4. Mais on peut encore souligner dans cette planche le tissage d’ »harmonies ». Harmonies thématiques, tout d’abord : cette planche affiche trois bandeaux de trois cases, comportant chacun trois motifs et ce, dans trois ordres différents. Fille / Homme / Lune pour le premier, H / L / F pour le second et L / H / F+H pour le troisième. Mieux encore, les trois colonnes affichent les mêmes composantes et dans le même ordre : F / H / L pour la première colonne (et ainsi de suite). Harmonies graphiques ensuite, puisque (en 7-8) les cheveux et les nuages s’entremêlent et se prolongent adroitement.

Il n’est pas impossible de penser que c’est ce travail serré sur la dimension tabulaire qui aura permis à cette planche d’être parfaitement compréhensible en dehors du support de tout texte.
Certes, la construction et les dynamiques tabulaires de cette planche semblent peu courantes, proprement atypiques (certains parleront de cas-limite) mais, en soi, elles peuvent nous aider pour interroger des planches plus classiques.

II. La tabularité dans une planche d’Hergé

Hergé est certainement un des auteurs les plus encensés, on lui a crédité nombre de qualités et de prouesses. Pourtant, et sauf quelques exceptions notoires (analysées par Jan Baetens), le travail de la dimension tabulaire ne figure pas en première place parmi ses qualités les plus régulièrement soulignées par les analystes.

Pour exemple, cette planche, extraite de la version en couleur des Cigares du Pharaon, qui nous semble représentative de sa production à cette époque. À y regarder de près, on n’y trouvera guère de traces d’un souci tabulaire. Ainsi le découpage narratif est assez arbitraire, on n’y trouve nulle scansion de séquences claires selon le rythme des planches. On assiste en fait à une cascade de péripéties hétéroclites (l’alerte du fossoyeur, l’arrivée des soldats, la fuite par le toit, la bousculade de Tintin, sa fuite dans la ruelle). Au niveau formel, la palette chromatique est largement variée sans grande dominante et on ne décèle guère de liens de construction significative entre les cases. À vrai dire, si on découpait les bandeaux et les alignait les uns après les autres en un long ruban, on ne perdrait rien, tant la dimension purement linéaire est prégnante ici.
(Les seuls éléments qui pourraient indexer un souci — mince — de la tabularité seraient la hauteur des bandeaux qui est (presque) identique et le jeu sur le site de la dernière case où, en tournant la page, le lecteur semble « fuir » ailleurs avec le personnage…)
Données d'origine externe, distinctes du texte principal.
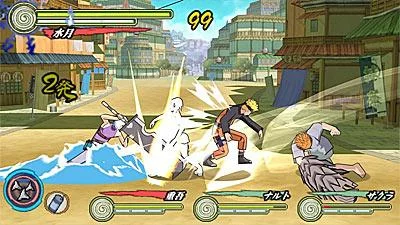 Free Download Naruto Shippuden Ultimate Ninja Heroes 3 Passwords For Wallpapers Page 968565 (400 x 225)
Comment contextualiser cette relative absence de la dimension tabulaire dans l’œuvre hergéenne de cette période ? Parmi les raisons possibles, deux s’imposent aisément. D’une part, la prédilection chez Hergé pour la dynamique du strip, de la séquence courte, son souci constant pour un « glissement » souple d’une case à l’autre et le tempo du bandeau. Celui-ci se remarque d’ailleurs dans la planche proposée puisque chacun des quatre bandeaux s’achève sur un « temps fort » : l’arrivée des soldats, la fuite, la sortie, la fuite. D’autre part, ne peut-on évoquer la variété des formats originaux de la première publication de ses travaux ? Au cours des péripéties éditoriales, le format de publication n’était guère d’une grande stabilité (parfois au rythme d’une planche, parfois à celui de deux planches, parfois encore deux demi-planches ou même juste un strip durant la guerre, un format quasi à l’italienne à la fondation de l’hebdomadaire Tintin, etc). Ces multiples formats initiaux ont nécessité des reconstructions de planches a posteriori. Est-il possible que ces circonstances éditoriales aient effacé des traces antérieures de logique tabulaire ? Le plus simple est d’aller y voir.

III. La planche originale

Soit la planche originale au centre de la planche analysée, telle que publiée, en noir et blanc, dans le Petit Vingtième.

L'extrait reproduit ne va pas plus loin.